Monday, March 23, 2020

Inland by Tea Obreht

Inland by Tea Obreht
Read by: Anna Chlumsky, Edoardo Ballerini, and Euan Morton
Published August 2019 by Random House Publishing Group
Source: checked out from my local library

Publisher's Summary:
In the lawless, drought-ridden lands of the Arizona Territory in 1893, two extraordinary lives collide. Nora is an unflinching frontierswoman awaiting the return of the men in her life—her husband, who has gone in search of water for the parched household, and her elder sons, who have vanished after an explosive argument. Nora is biding her time with her youngest son, who is convinced that a mysterious beast is stalking the land around their home.

Lurie is a former outlaw and a man haunted by ghosts. He sees lost souls who want something from him, and he finds reprieve from their longing in an unexpected relationship that inspires a momentous expedition across the West. The way in which Nora’s and Lurie’s stories intertwine is the surprise and suspense of this brilliant novel.

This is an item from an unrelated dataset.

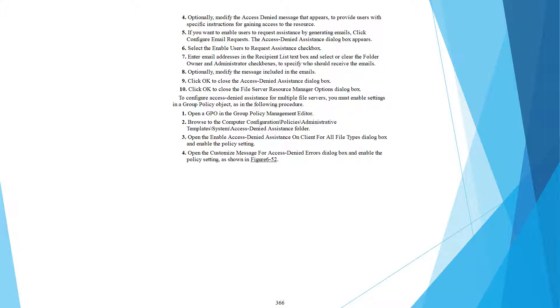To configure Access Denied Assistance for multiple file servers, you must enable settings in a Group Policy Object using the following procedure: Open a GPO in the Group Policy Management Editor, navigate to Computer Configuration, Policies, Administrative Templates, System, Access Denied Assistance folder. Enable the Access Denied Assistance on Client for All File Types policy setting. Then open the Customize Message for Access Denied Errors policy and enable the policy setting.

Mythical, lyrical, and sweeping in scope, Inland is grounded in true but little-known history. It showcases all of Téa Obreht’s talents as a writer, as she subverts and reimagines the myths of the American West, making them entirely—and unforgettably—her own.


My Thoughts:
I listened to this book, as you may have noticed from the list of readers; but I don't recommend it. It's not that the readers don't do a fantastic job. They really are incredibly good. But, unless you're sitting on your sofa or just walking and doing nothing else but absorbing what you're listening to, I'm not sure you'll appreciate this book in the way it should be appreciated. At least, I don't think that I did.

There are two excellent stories in this book. Lurie is telling the story of his life to some named "Burke." He is an immigrant from Ottoman Herzegovina who father died when he was just six years old. He spends the rest of his life surrounded by characters who aren't doing him any favors, from Coachman, who has him stealing bodies from graves, to Donovan Mattie with whom he soon becomes an outlaw. Lurie can see the dead and their desires and a marshal who will not give up pursuing him mean that Lurie can never settle down. His life is one of adventure.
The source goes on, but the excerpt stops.